Entries taken from a collection
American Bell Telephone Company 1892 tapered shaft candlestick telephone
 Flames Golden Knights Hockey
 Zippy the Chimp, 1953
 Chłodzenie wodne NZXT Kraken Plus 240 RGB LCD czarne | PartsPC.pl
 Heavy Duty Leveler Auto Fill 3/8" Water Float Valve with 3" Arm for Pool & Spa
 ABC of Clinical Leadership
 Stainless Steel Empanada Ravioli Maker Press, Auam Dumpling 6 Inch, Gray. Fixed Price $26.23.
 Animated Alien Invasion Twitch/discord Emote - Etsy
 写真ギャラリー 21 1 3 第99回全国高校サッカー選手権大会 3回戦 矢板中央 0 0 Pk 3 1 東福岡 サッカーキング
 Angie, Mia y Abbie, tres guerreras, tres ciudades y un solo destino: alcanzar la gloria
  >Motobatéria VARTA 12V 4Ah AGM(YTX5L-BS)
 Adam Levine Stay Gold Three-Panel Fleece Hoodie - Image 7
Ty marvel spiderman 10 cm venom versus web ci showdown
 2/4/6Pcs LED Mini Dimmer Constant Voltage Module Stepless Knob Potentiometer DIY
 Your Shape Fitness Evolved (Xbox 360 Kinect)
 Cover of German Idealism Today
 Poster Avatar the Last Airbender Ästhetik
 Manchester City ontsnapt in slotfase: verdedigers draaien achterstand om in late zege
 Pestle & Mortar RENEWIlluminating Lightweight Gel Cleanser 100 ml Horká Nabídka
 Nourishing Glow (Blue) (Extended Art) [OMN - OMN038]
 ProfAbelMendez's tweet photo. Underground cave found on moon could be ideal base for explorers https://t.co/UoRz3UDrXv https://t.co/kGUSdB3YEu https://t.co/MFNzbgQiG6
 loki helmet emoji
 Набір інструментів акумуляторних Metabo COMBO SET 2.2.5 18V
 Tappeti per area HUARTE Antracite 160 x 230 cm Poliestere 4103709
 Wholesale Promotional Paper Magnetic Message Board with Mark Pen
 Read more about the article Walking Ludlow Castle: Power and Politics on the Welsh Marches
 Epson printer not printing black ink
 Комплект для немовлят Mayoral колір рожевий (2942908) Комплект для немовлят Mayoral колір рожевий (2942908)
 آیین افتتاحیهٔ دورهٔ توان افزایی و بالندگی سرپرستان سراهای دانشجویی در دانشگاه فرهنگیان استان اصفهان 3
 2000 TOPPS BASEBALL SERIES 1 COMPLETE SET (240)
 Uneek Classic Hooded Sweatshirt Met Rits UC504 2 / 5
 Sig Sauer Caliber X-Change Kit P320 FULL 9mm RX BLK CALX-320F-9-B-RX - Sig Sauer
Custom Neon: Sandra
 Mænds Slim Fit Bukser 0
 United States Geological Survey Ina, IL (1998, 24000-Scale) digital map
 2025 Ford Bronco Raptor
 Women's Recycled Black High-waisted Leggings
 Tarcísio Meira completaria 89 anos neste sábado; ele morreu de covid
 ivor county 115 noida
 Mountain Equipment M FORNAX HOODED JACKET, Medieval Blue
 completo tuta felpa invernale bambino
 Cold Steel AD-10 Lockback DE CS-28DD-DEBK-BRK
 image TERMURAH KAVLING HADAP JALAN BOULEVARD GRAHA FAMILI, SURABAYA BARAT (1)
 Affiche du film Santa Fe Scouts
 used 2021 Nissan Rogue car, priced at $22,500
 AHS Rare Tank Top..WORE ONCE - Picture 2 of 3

**WORK TASK**: Wherever the word "with" appears in a line of the data, copy that line.

**ANSWER SECTION**:
 Heavy Duty Leveler Auto Fill 3/8" Water Float Valve with 3" Arm for Pool & Spa
 Wholesale Promotional Paper Magnetic Message Board with Mark Pen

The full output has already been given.